# Cost of Building Own Vivarium?



## Potatatas (Oct 24, 2018)

As I'm getting into DIY lately and soon having my garden done out with a nice big shed I'm thinking of projects I can do. Vivariums seem simple to make as they are basically chip board, glass, runners and a couple vents at the most basic. I just priced up building a 4x2x2 and came to around £135 for materials (excluding screws and glue) but that's without shopping around and I found the chipboard on B and Q who are way more pricey than local timber yards.


So has anyone made their own vivs and wouldn't mind sharing how much materials cost roughly?


Probs just cheaper to buy second hand as I got my kingsnakes for £60 and pretty sure I'll never be able to make one for less. But it's more about the making rather than saving money. Plus I really hate the ventilation on premade ones.


Cheers!


----------



## s6t6nic6l (May 15, 2010)

You really shouldn't be concerned about the the cost as having a custom built enclosure means you have the actual housing to the specifications that suits the inhabitants, the room where it will reside and your personal taste.
Measure up, get down to the timber yard and get it all cut to size with the possibility of this being free if you have spent enough with them.
I couldn't tell you the costs regarding my builds as it wasn't an issue. The fact that it was what was best for the project or inhabitants made a purchase the priority.
Then you have the satisfaction gained from the build too knowing it is a custom one.
Stop sounding like a cheapskate and get on with it :lol2:


----------



## Potatatas (Oct 24, 2018)

But I am a cheapskate that doesn't earn a lot of money... I'm not too worried about price though. I'm just excited to start making stuff and have to wait until our garden is sorted which is gunna take a while so I'm just torturing myself watching youtube tutorials on woodworking...


----------



## pikwik (Aug 31, 2017)

Your estimate of £135 doesn't sound too bad.


----------



## Tammyjones12 (Sep 11, 2019)

If you do end up making them I'm from south Wales and I'm looking for 2 vivs 6x2x2 for my 2 boas so I'd be interested in buying something off u if it's not that expensive and it's good quality


----------



## Central Scotland Reptiles (Nov 23, 2008)
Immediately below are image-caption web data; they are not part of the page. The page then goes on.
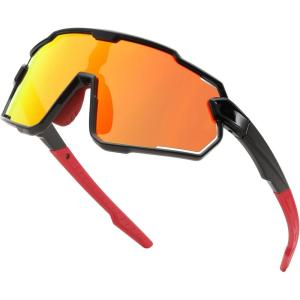 imageFEISEDY Kids Teens Baseball Polarized Sunglasses Lightweight Frame UV400 Sports Cycling Shades for Boys Girls B0190Black Frame Red Mirrored Lens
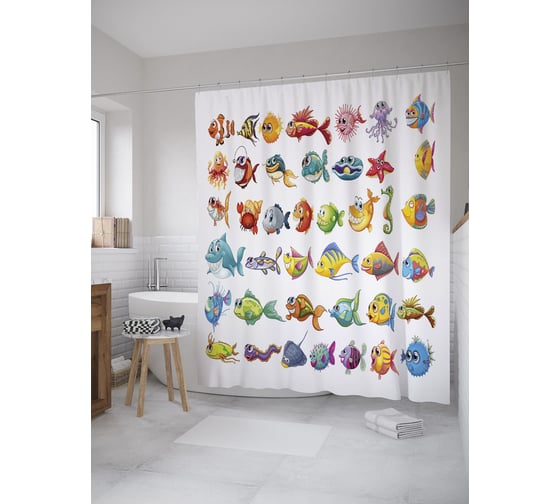 Штора (занавеска) для ванной JoyArty "Зубастые рыбы" из сатена, 180х200 см с крючками, sc_55071 1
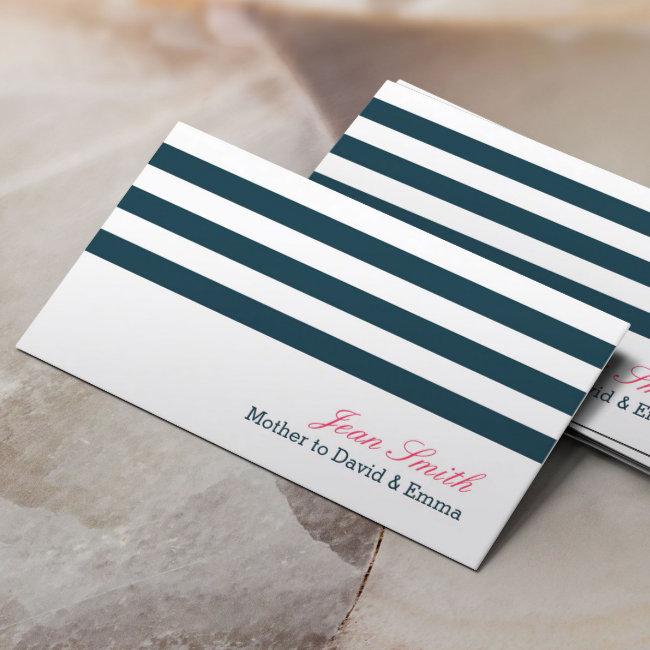 Nautical Navy Blue Stripes Mommy Calling Invitations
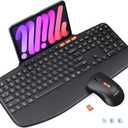 MEETION Wireless Keyboard and Mouse Combo, Ergonomic Keyboard with Wrist Rest, Tablet Holder, Scissor Keys USB/Bluetooth Rechargeable Keyboards, 4DPI Mouse, for Windows/Mac/PC/Laptop/Phone/Tablet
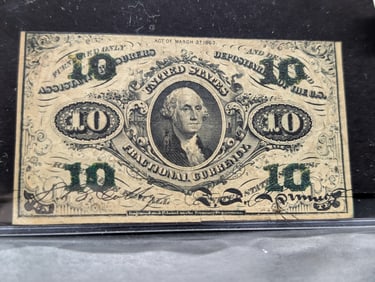 1863 10 Cents Fractional Currency - Very Nice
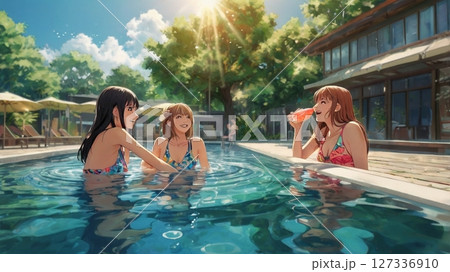 灼熱の太陽の下で、水しぶきと笑い声が弾ける、真夏の青春を駆け抜ける20代の彼女たちが刻む一瞬の煌めき 127336910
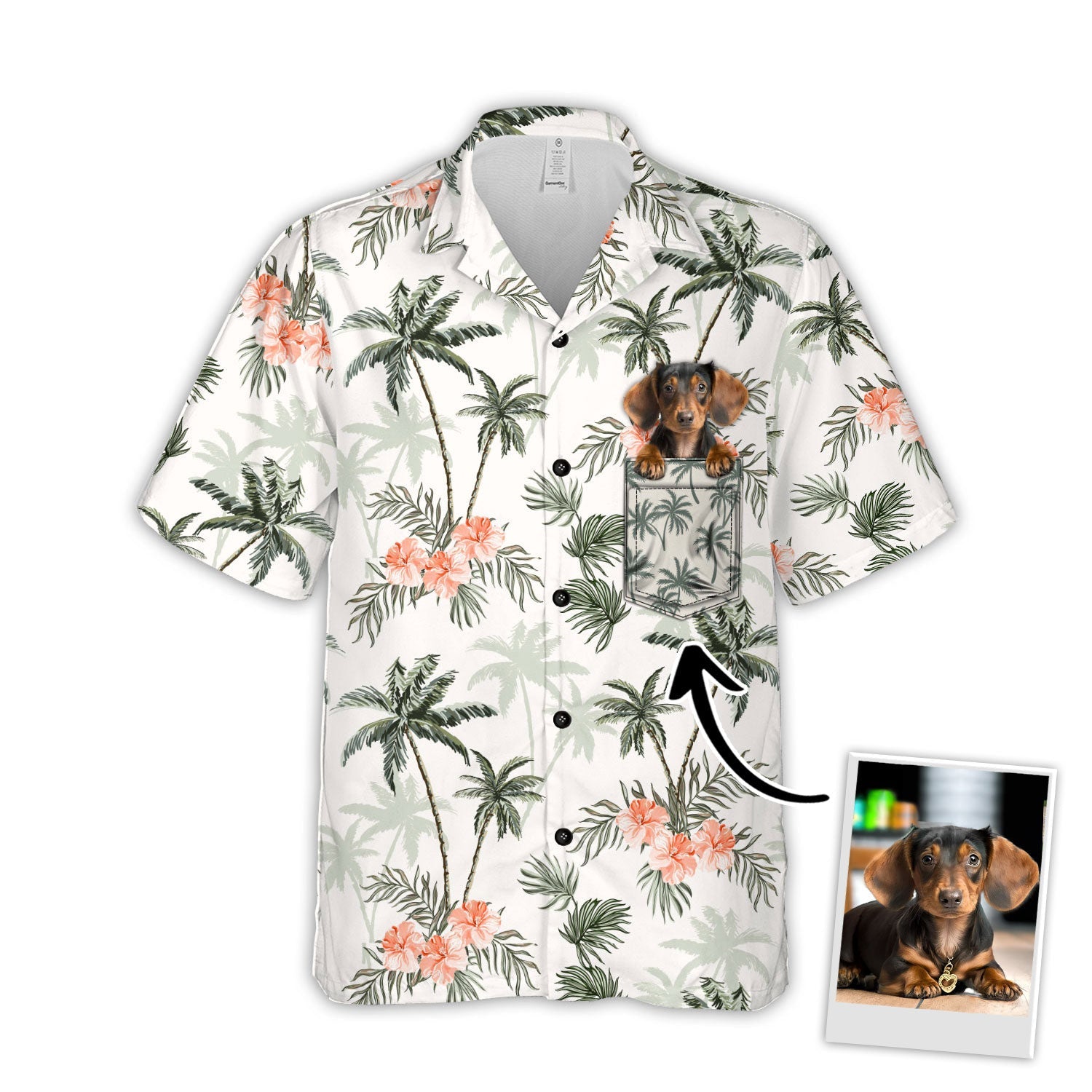 Custom Photo Palm Trees Floral Pattern - Gift For Dad, Mom Dog Lovers - Personalized Hawaii Shirt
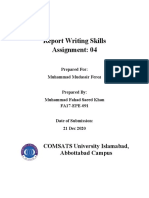 Report Writing Skills Assignment: 04: COMSATS University Islamabad, Abbottabad Campus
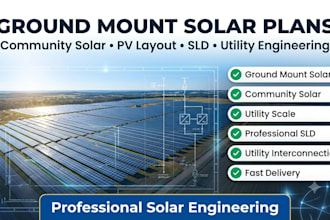 design ground mount solar plans, community solar, sld and pv layouts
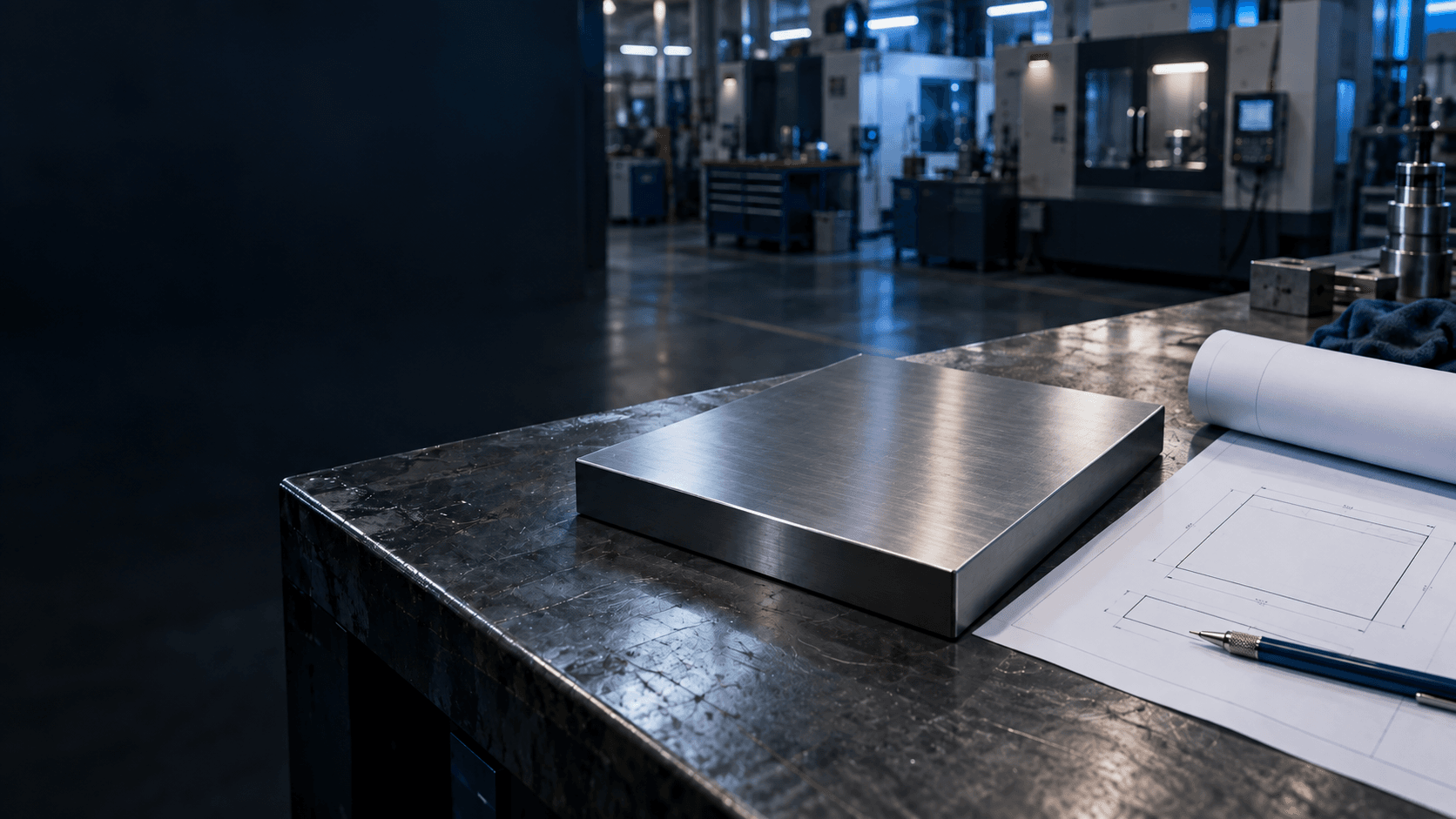 A plain flat steel plate beside a dimension drawing and pencil on an engineering workbench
I am no master craftsman and I have built my own enclosure before - the beauty of this is you can build to your own requirements and ideas. 

I like to create two tiered enclosures with the to half being a vivarium (above ground) and a drawer below (underground) connected be a round hole in the floor of the upper tier. Although this would have been possible to buy / modify I like to do my own stuff.


----------